Wu Kui, Zou Dazhao, Long Yongyan, Xue Lin, Shuai Shufen, Tian Feiyan, Li Mei, Fan Guoyin, Zheng Yangyun, Sun Xiangrong, Wang Wei, Wang Li, Ni Xiansheng, Zhang Xiaoling, Fan Yibing, Li Hui
The Collaboration Unit for State Key Laboratory of Infectious Disease Prevention and Control, Jiangxi Provincial Health Commission Key Laboratory of Pathogenic Diagnosis and Genomics of Emerging Infectious Diseases, Nanchang Center for Disease Control and Prevention, Nanchang, China.
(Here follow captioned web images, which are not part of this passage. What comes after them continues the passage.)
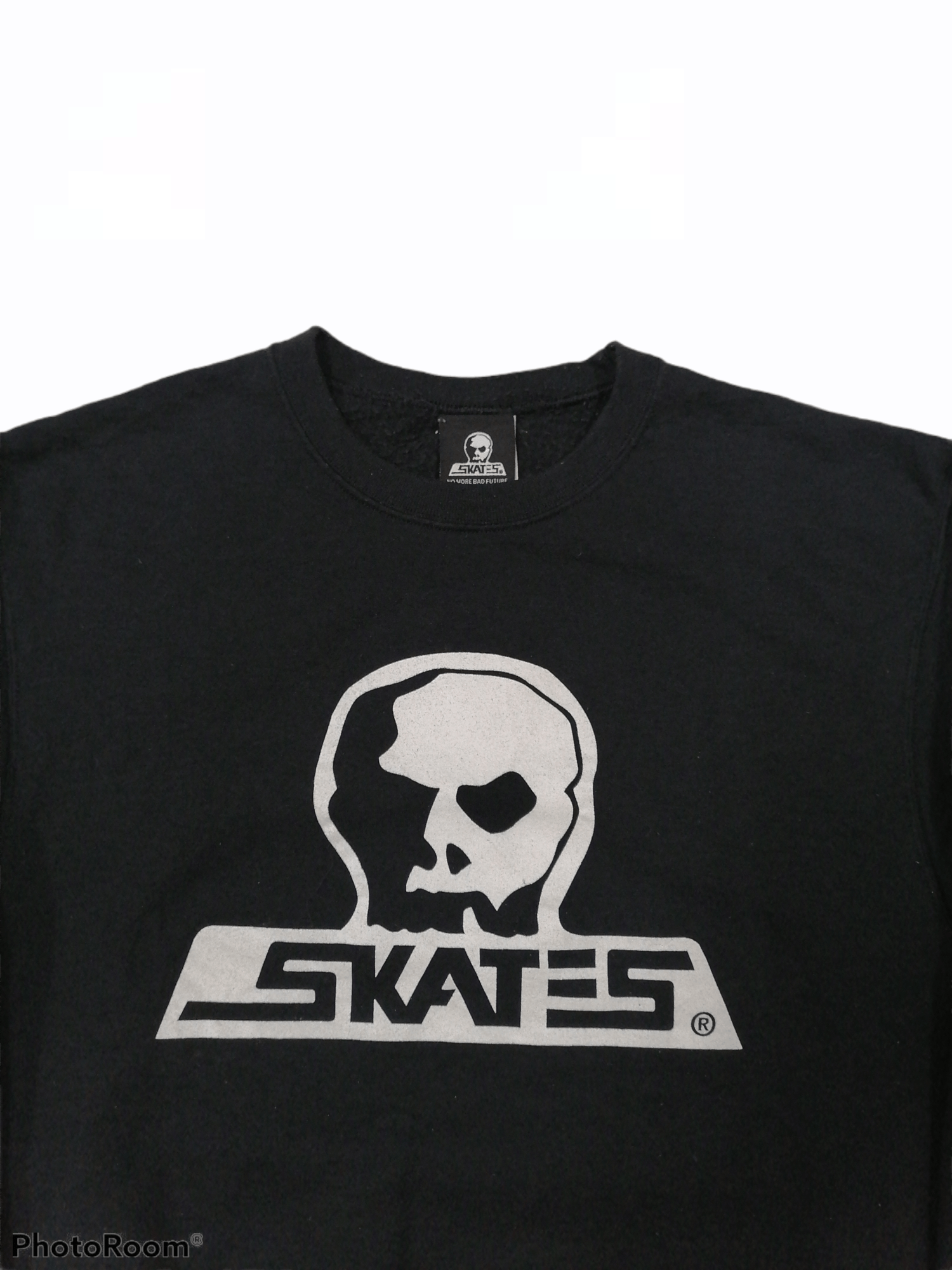 Other Vintage Skates Logo Skateboard Sweatshirts Size US M / EU 48-50 / 2 - 2 Thumbnail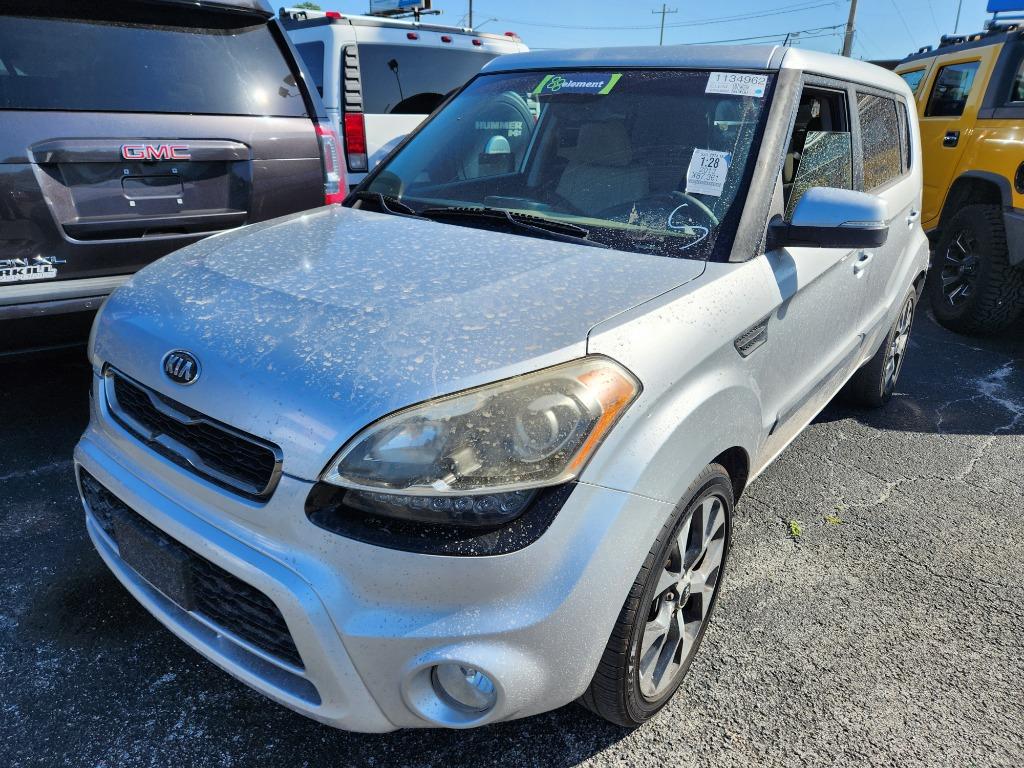 2013 Kia Soul's photo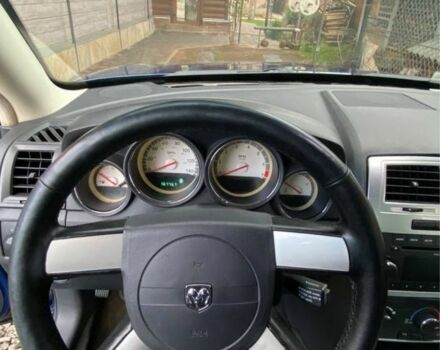 Синій Додж Charger, об'ємом двигуна 3.5 л та пробігом 168 тис. км за 7950 $, фото 22 на Automoto.ua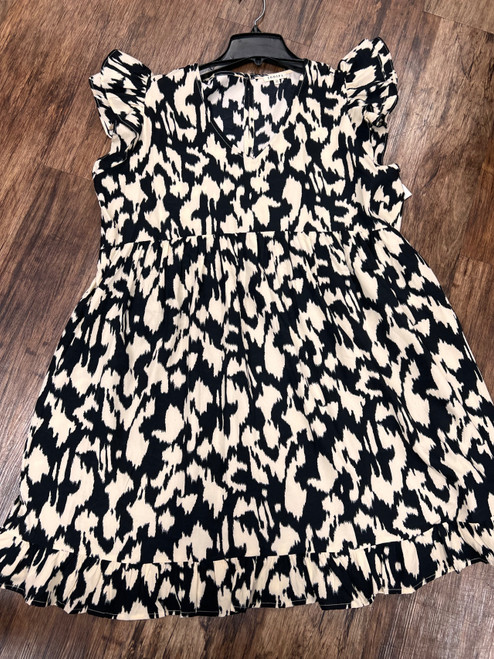 Vist Large View of Product Image Which is Used Jodifl Short Dress F L-12/14
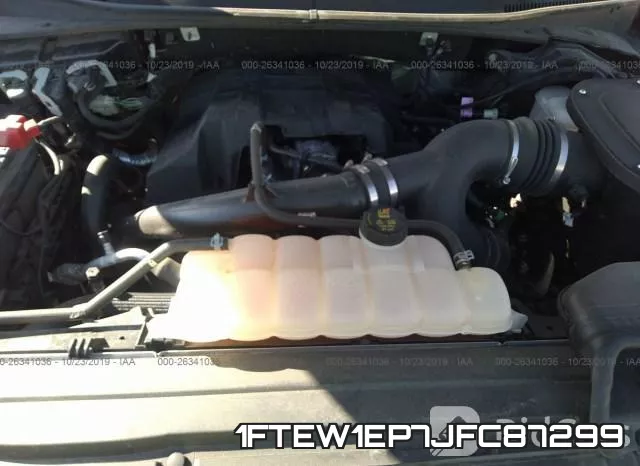 1FTEW1EP7JFC87299 фото 2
Jiangxi Provincial Key Laboratory of Preventive Medicine, School of Public Health, Jiangxi Medical College, Nanchang University, Nanchang, China.
Front Microbiol. 2024 Aug 14;15:1388658. doi: 10.3389/fmicb.2024.1388658. eCollection 2024.
Crayfish () are economically important freshwater crustaceans. With the growth of the crayfish industry, the associated food-safety risks should be seriously considered. Although is commonly recognized as a halophilic foodborne pathogen associated with seafood, it has been found to be a major pathogen in crayfish-associated food poisoning cases. In this study, the contamination level in crayfish production-sale chain was investigated using crayfish and environmental samples collected from crayfish farms and markets. Serious contamination (detection rate of 66%) was found in the entire crayfish production-sale chain, while the contamination level of the market samples was extremely high (detection rate of 92%). The detection rate of crayfish surface was similar to that of whole crayfish, indicating that crayfish surface was important for contamination. The simulation experiments of crayfish for sale being contaminated by different sources were performed. All the contamination sources, containing positive tank, water, and crayfish, were found to be efficient to contaminate crayfish. The crayfish tank displayed the most significant contaminating role, while the water seemed to inhibit the contamination. The contamination extent of the crayfish increased with the number of cells the tank carried and the contact time of the crayfish and the tank, but decreased with the time that the crayfish were maintained in the water. It was also confirmed that the crayfish surface was more susceptible to contamination than the crayfish intestine. Furthermore, the adsorption of onto the crayfish shell was analyzed. Over 90% of the cells were adsorbed onto the crayfish shell in 6 h, indicating a significant adsorption effect between and the crayfish shell. In conclusion, within a water-free sale style, the fresh crayfish for sale in aquatic products markets uses its shell to capture cells from the abundant environments. The contamination in crayfish for sale exacerbates the crayfish-associated food-safety risk. This study sheds light on control and prevention in crayfish industry.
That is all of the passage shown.